Removing passengers at the end of the track requires similar physical investment. The tokens barely fit through the boxcar doors, and removing them is difficult. It's hard to avoid picking up the boxcar and shaking it against an open palm to remove tokens.
The moral and historical significance of these gestures, individually and collectively, is not lost on Train players or spectators. The game not only forces the player to manhandle people, it also forces him to figure out how to do so.
In so doing, the sense of complicity which at first seems tied only to the game's ending creeps anxiously into every action the player performs.
Simple, trivial acts like picking up game tokens or moving pieces along the board take on rich multiplicities of meaning in the minds of players and spectators alike thanks to the game's striking ambiguity. In this game, the action one performs is important as such, not just in relation to the outcome it produces.
The relevance of gameplay gestures can be found in aspects of Train that have little to do with the progress of gameplay. For example, sometimes players have the opportunity to remove tokens from opponents' boxcars.
The game never tells the player what to do with these tokens, so one could just as easily hide them in a pocket, "saving" the victims, as one could return them to play. One might even choose a different method of removal in an attempt to signal contempt to an opponent, a gentle touch that says, implicitly, "let's stop."

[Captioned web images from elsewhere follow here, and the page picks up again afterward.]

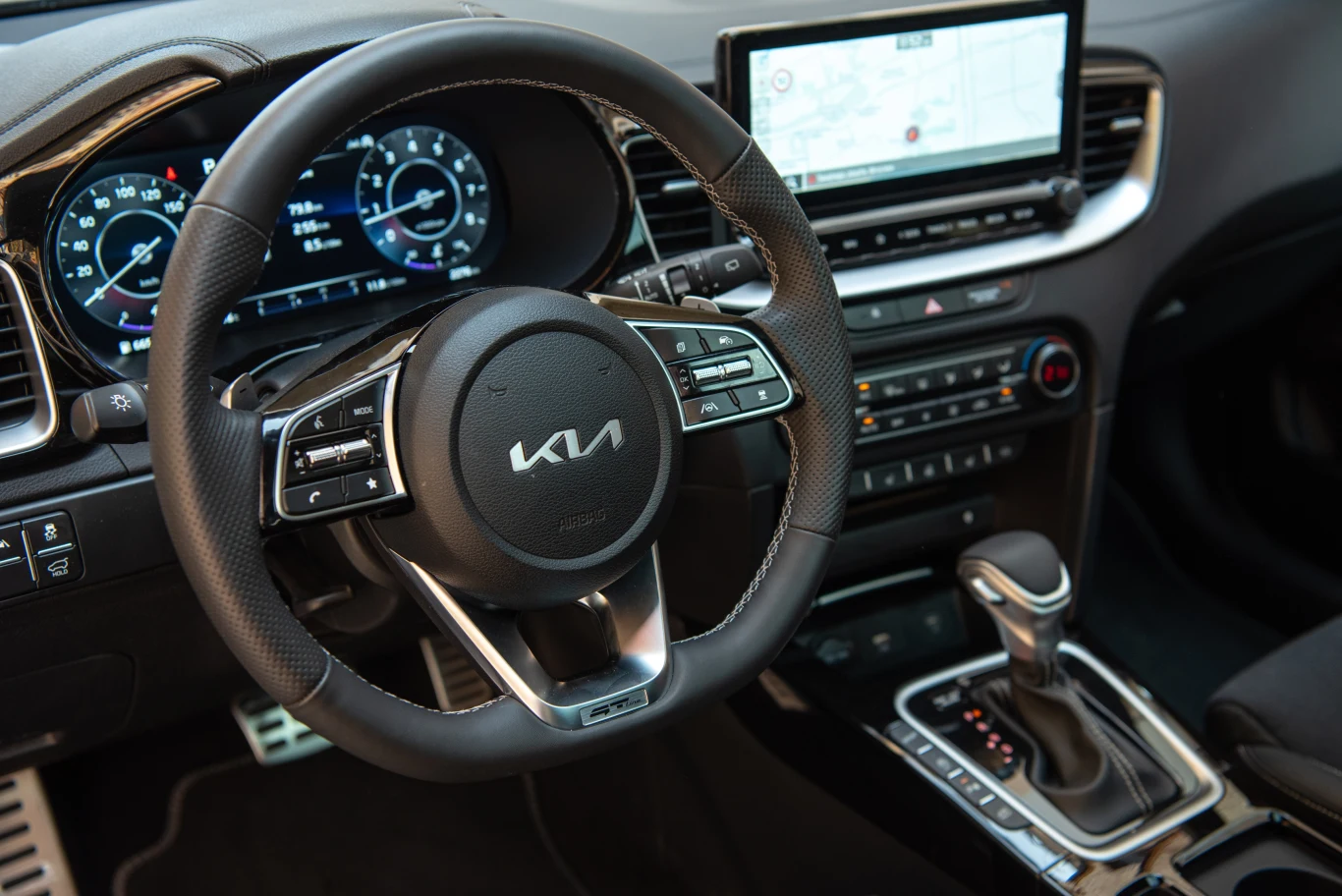 Upływ czasu widać po wyglądzie deski rozdzielczej, a szczególnie wolnostojącym ekranie systemu multimedialnego. W kabinie zachowano też dużą, klasyczną dźwignię przekładni dwusprzęgłowej. Upływ czasu widać po wyglądzie deski rozdzielczej, a szczególnie wolnostojącym ekranie systemu multimedialnego. W kabinie zachowano też dużą, klasyczną dźwignię przekładni dwusprzęgłowej.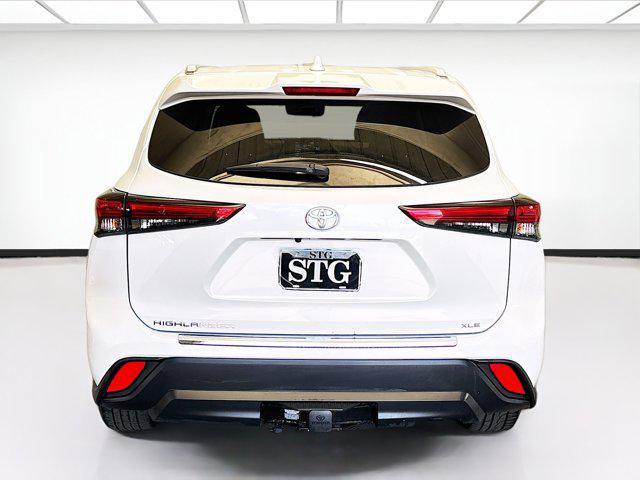 used 2022 Toyota Highlander car, priced at $34,288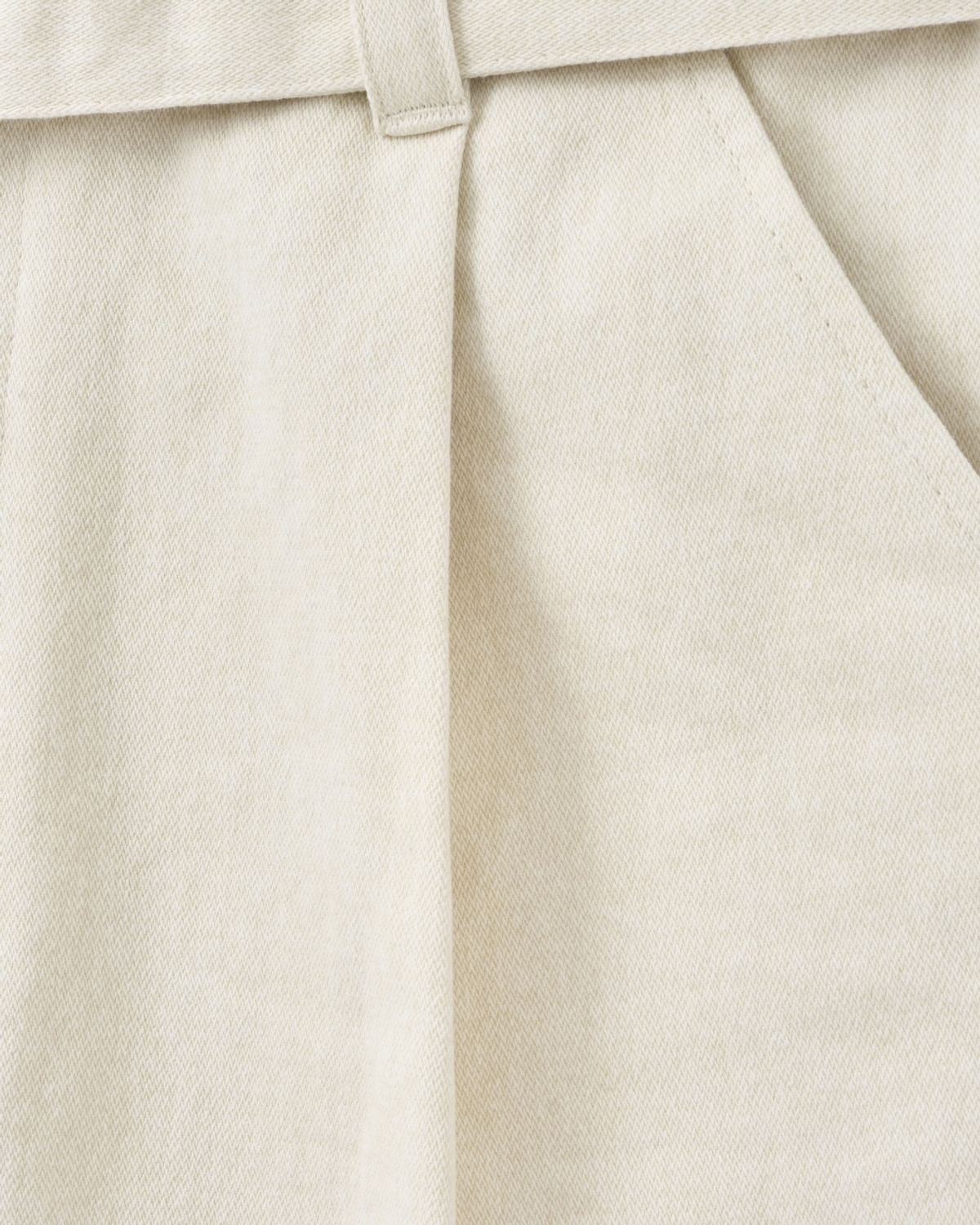 비슬로우(BESLOW) ONE TUCK WASHED BELTED PANTS ECRU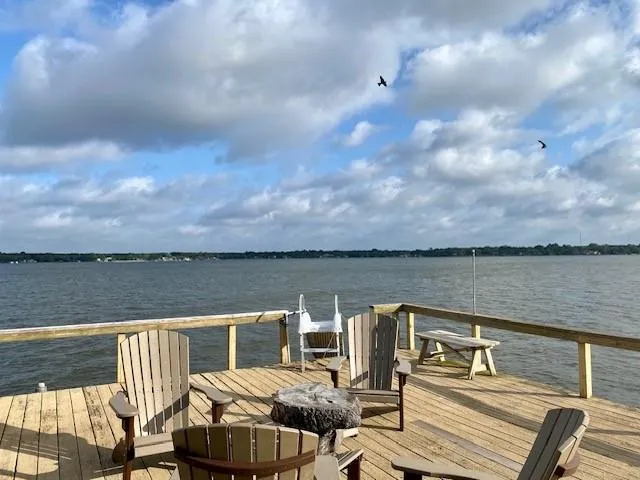 $899,000 | 10136 Cherokee Lane, Payne Springs, TX 75156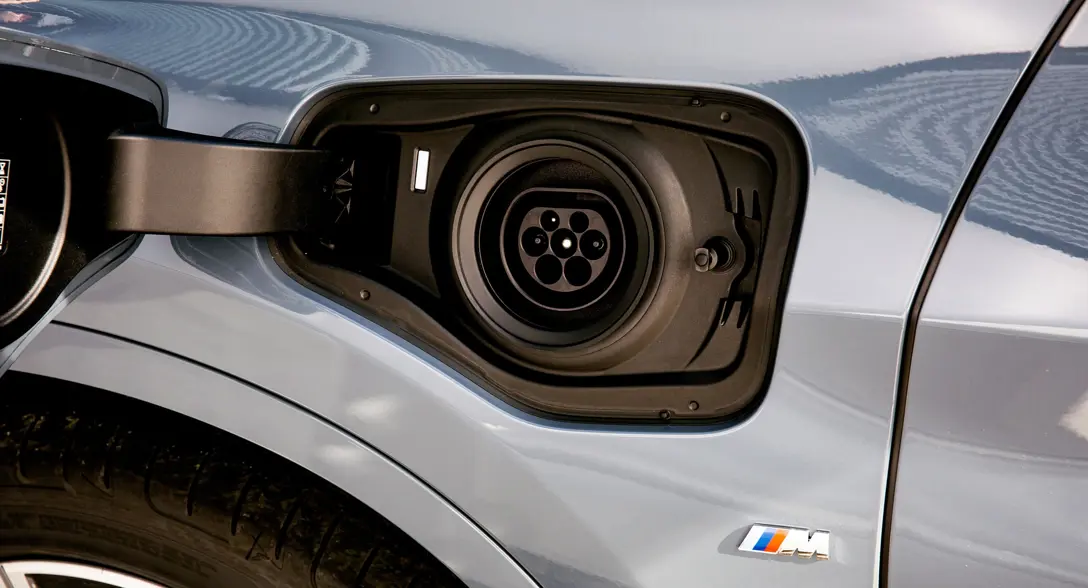 1656506-2021_bmw_x1_xdrive25e_32_1920x1080.jpg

The game's setup engenders gestural significance as well. At its start, the yellow tokens are lined up in rows at the side of the table. As players reach for people to stuff into their boxcars, these neat rows become disturbed, uneven.
Even as a spectator, participants may find it difficult to resist "fixing" these disorderly lines of people, returning them to a more uniform and stable state. Here we find a gesture that bears meaning even if it is not consummated.
The sinking feeling that accompanies it is palpable -- one cannot help but admit that there is a measure of comfort in extreme order, and that such comfort is one tiny pebble in the foundation of fascism.
Even the game's rules impart gestural meaning. The rules are intentionally ambiguous, and players will find themselves referring back to them frequently. Brathwaite managed to acquire an authentic SS typewriter for the game (complete with SS sigrune above the 5 key), which she used to type up the rules.
These sheets are placed in the typewriter at the start of the game. In order to read or review them, players must get up and face the typewriter, turning its knobs to reveal the desired text or to remove the sheets.
As one leans in to read the page or to handle the typewriter, game rules instantly become military orders. One cannot help but allow sensations of loyalty and treachery, pride and disgust to well up with each click of the typewriter platen.